What you will do →
Without any pictures, reproduce exactly the lines running from the line containing "Edinburg, TX 78539" through the end of the entries.

== Record set ==

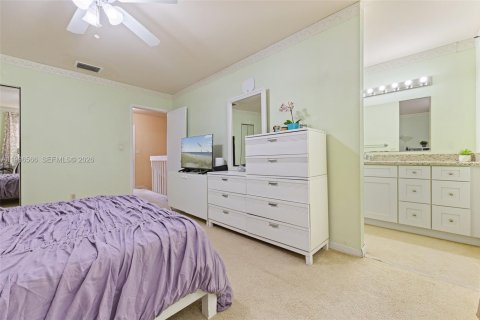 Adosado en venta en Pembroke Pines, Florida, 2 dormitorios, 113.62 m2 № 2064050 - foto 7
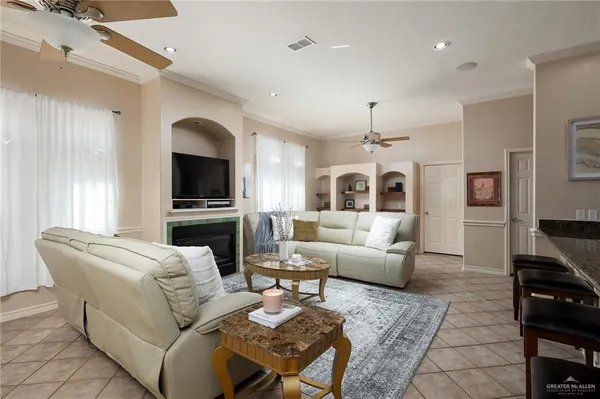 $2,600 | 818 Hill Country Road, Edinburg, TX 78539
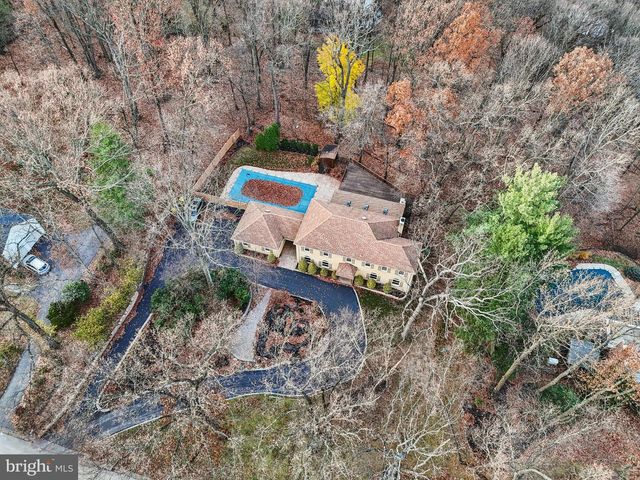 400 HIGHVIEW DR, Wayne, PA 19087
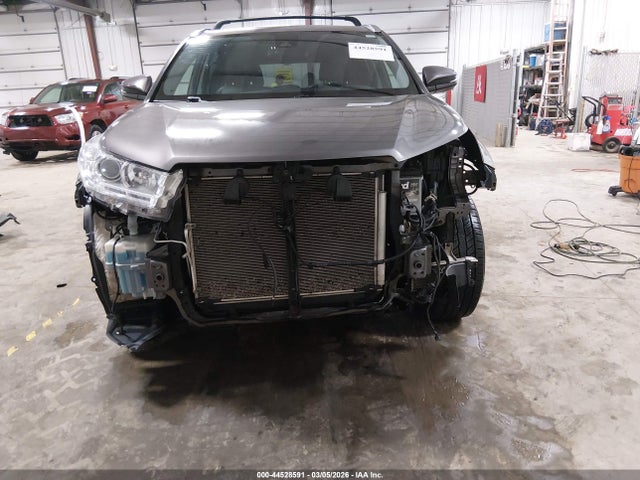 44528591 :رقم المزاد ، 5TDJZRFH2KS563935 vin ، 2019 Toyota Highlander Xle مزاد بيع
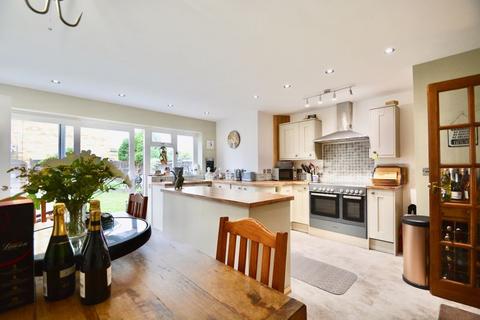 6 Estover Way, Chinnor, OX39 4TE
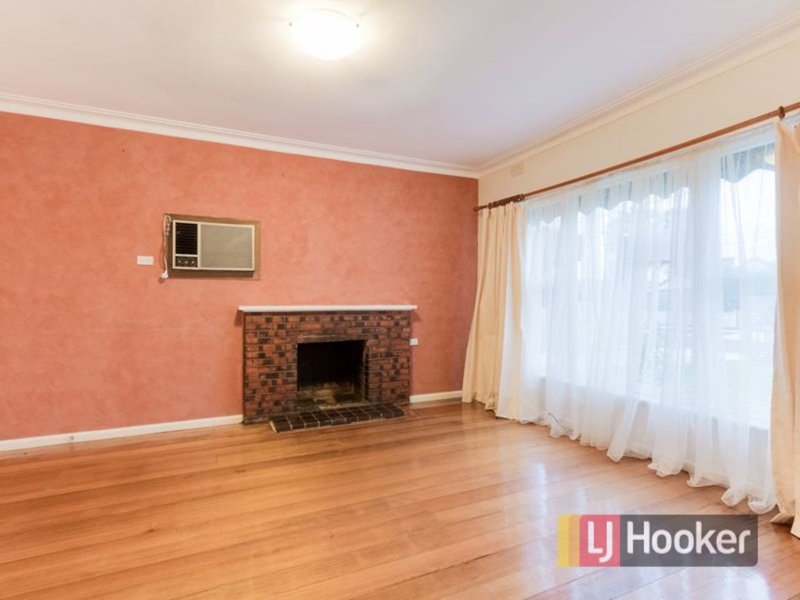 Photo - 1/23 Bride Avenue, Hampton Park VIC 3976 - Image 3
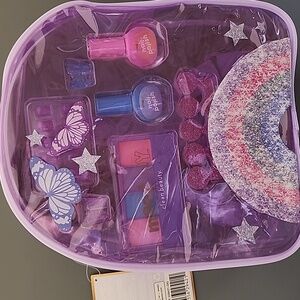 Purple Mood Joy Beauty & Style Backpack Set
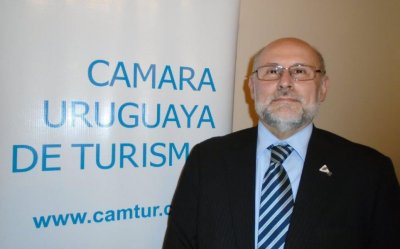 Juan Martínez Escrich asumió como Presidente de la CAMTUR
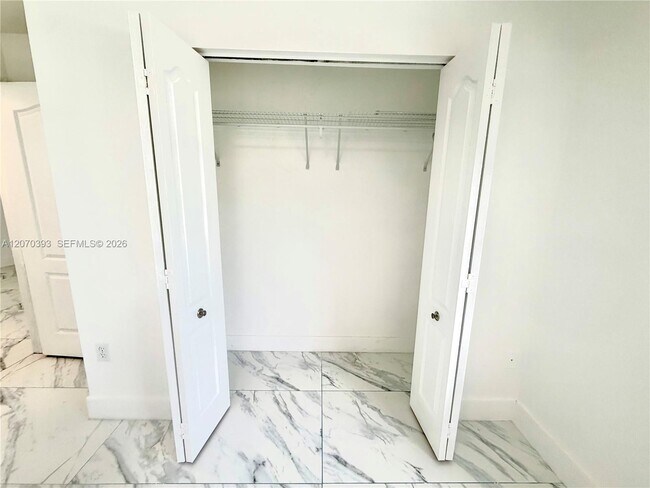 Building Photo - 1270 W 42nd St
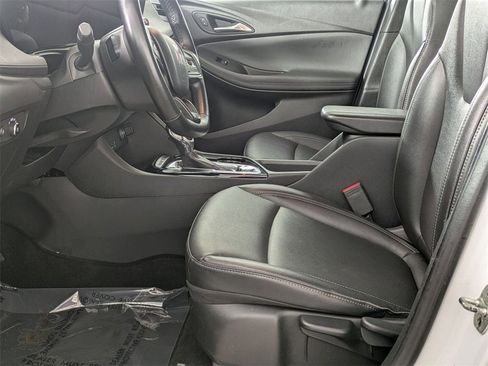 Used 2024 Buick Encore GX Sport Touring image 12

===

Exercise output →
 $2,600 | 818 Hill Country Road, Edinburg, TX 78539
 400 HIGHVIEW DR, Wayne, PA 19087
 44528591 :رقم المزاد ، 5TDJZRFH2KS563935 vin ، 2019 Toyota Highlander Xle مزاد بيع
 6 Estover Way, Chinnor, OX39 4TE
 Photo - 1/23 Bride Avenue, Hampton Park VIC 3976 - Image 3
 Purple Mood Joy Beauty & Style Backpack Set
 Juan Martínez Escrich asumió como Presidente de la CAMTUR
 Building Photo - 1270 W 42nd St
 Used 2024 Buick Encore GX Sport Touring image 12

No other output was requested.